Nutella was the peanut butter of my childhood.
I ate the rich, creamy chocolate-hazelnut spread slathered one-inch-thick in between slices of white bread. I scraped it out of matchbox-sized containers with an accompanying plastic spoon (they were sold in snack packs similar to these). And I scooped spoonfuls of chocolatey, hazelnutty goodness into my mouth straight from the jar when my mom wasn’t looking, sheer delight extending from my lips right down to my curled toes.
Yes, I confess I was, and still am a Nutella fanatic.
According to the Nutella Web site, Nutella was created in the 1940s by Pietro Ferrero, the founder of Italian confectionary company Ferrero.
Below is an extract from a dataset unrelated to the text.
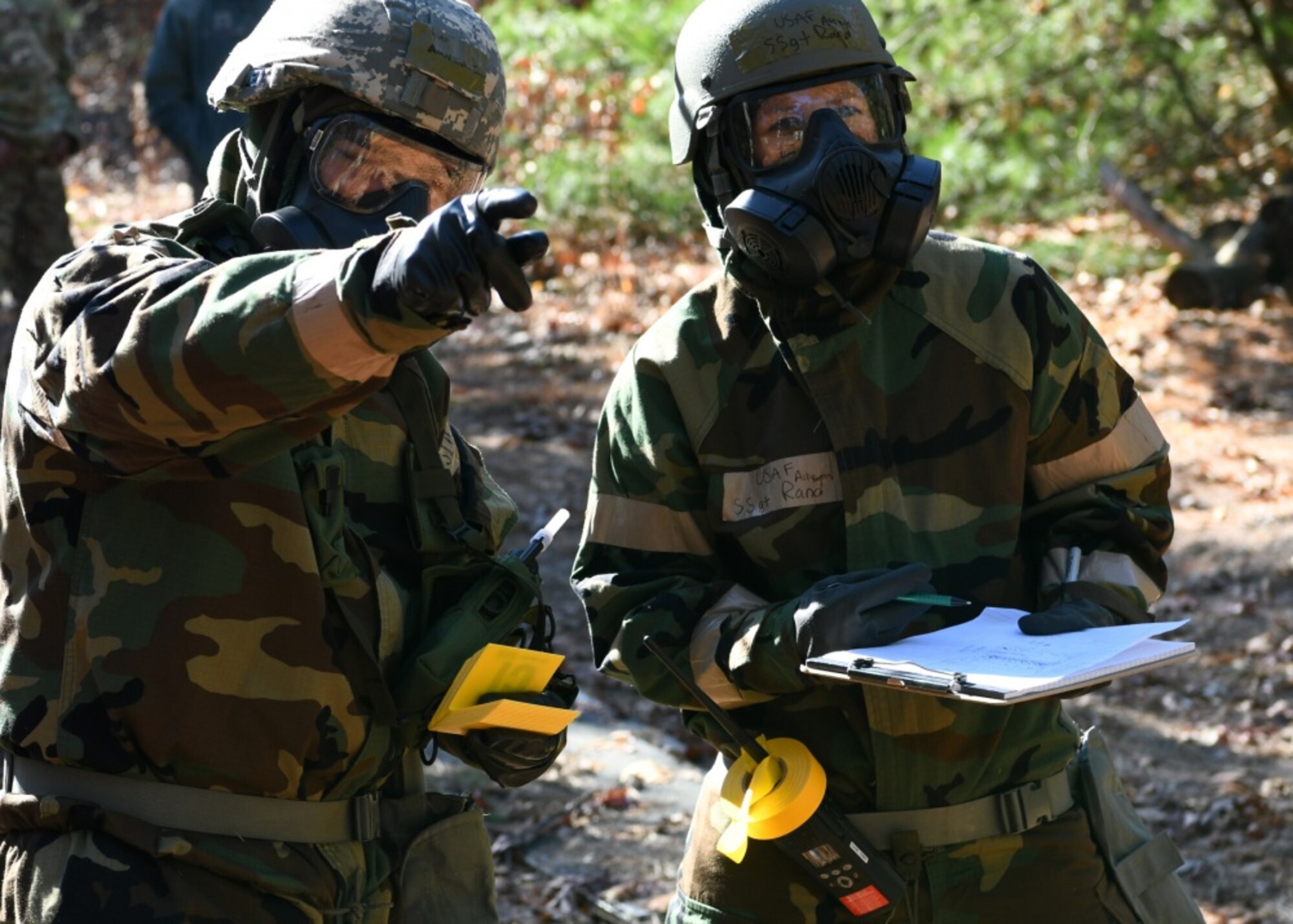 U.S. Air Force Airman Joshua Towse and Staff Sgt. Allison Rand, both emergency  management specialist assigned to the 104th Fighter Wing, Massachusetts Air National Guard, simulate Level A for a biological Ricin lab during a four-day readiness exercise Nov. 1, 2019, at Barnes Air National Guard Base, Mass. (U.S. Air National Guard photo by Airman 1st Class Sara Kolinski)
Cocoa/cacao was scarce in post-World War II Europe, so Mr. Ferrero used hazelnuts which were abundant in his native Piedmont, northwest Italy, to extend the chocolate supply. Hence, chocolate-hazelnut gianduja paste was born (you might be familiar with it as a gelato flavor), and eventually Nutella, the spread.
This history enlightens me on two levels. First, I’m happy to understand the provenance of Nutella, an amazing culinary invention that’s right up there with soy sauce in my opinion. I also find it fascinating that this story parallels that of another culturally important culinary breakthrough–banana ketchup. To circumvent a shortage of tomatoes during WWII, a smarty food technologist by the name of Maria Y. Orosa created a copycat of American ketchup using the local bananas that grew prolifically all over the Philippine islands. Banana ketchup still remains popular today.
Second, Singapore, being a former British colony, has always been a hotbed for European imports – Italian Nutella and German 1980s pop duo Modern Talking, (what, you don’t know their hit single “Cheri, Cheri Lady”?) being cases in point–which explains why Nutella was thriving in Singapore (and other Asian countries) long before it was popular in the U.S.
Two decades ago, trying to buy Nutella was a combination of playing treasure hunt and hide-and-seek. First, I had to hunt it down (the ‘X’ that marked the spot was usually either an Asian market or Cost Plus World Market), and then search for it among the heaving shelves (the jars were often hidden in obscure corners), and if I was lucky, there was a jar in stock!
Over the past few years, there’s been a Nutella explosion and now you can buy it at Safeway. “Hooray!” says my Nutella-loving self. Of course, if you’re so inclined, you can make it yourself too. (Try my friend Danielle’s grown-up recipe.)
There’s also been a burst of creativity in kitchens everywhere resulting in Nutella recipes on the net from Nutella brownies, to Nutella cookies, and my personal favorite, Nutella microwave mug cake. Practically any recipe that involves chocolate could do with a little Nutella magic.
And then I found this, a Nutella cheesecake recipe by the ever-trendy Nigella Lawson. This, this is the stuff that Nutella dreams are made of. It’s fairly easy to make, and even better, it’s no-bake! So it’s definitely a recipe I keep in my back pocket.
That being said, on the days I crave a pure, decadent, luscious shot of Nutella – or nostalgia – you can still find me with my spoon, digging deep into Nutella’s signature glass jar, complete with toes curled.
Nutella Cheesecake à la Nigella
Adapted from Nigella Lawson
I made a few subtle changes to Nigella’s recipe. I used French-inspired Neufchâtel cheese because I’m fancy like that. The truth is, unlike its French Normandien counterpart, the American-made Neufchâtel cheese you find in your supermarket is lower in fat than cream cheese and made from pasteurized, not raw, cow’s milk. I also skipped the hazelnuts. If you’re feeling lazy like I sometimes do, just buy your favorite ready-bought 9-inch crust and skip the food processor.
10 ounces graham crackers (I used Marie biscuits, you should have about 2 cups of crumbs)
6 tablespoons soft unsalted butter
13-ounce jar Nutella, at room temperature
2 (8-ounce) boxes Neufchâtel, cheese at room temperature
1/2 cup powdered sugar, sifted
1. To make the crust, break the crackers into the bowl of a food processor. Pulse with the butter and 1 tablespoon Nutella until the mixture is grainy and clumps together like damp sand. For a gadget-free (I hope a rolling pin qualifies) version, follow my instructions for Calamansi No-Bake Cloud Pie crust.
2. Using your hands, dump the mixture into a greased 9-inch round springform pan and press to form a crust. Chill in the fridge. If you don’t have a springform, line a pie plate with parchment like I did.
3. Stir and beat the cheese and sugar together until smooth. Add the rest of the Nutella (yes, all of it!) and stir and beat until there’s no more white to be seen. I did this by hand but use a hand mixer on low if you prefer.4. Take the crust out of the fridge and smooth the Nutella mixture over the crust with a spatula. Chill at least four hours. Dip your knife in water before cutting and serve straight from the fridge for best results.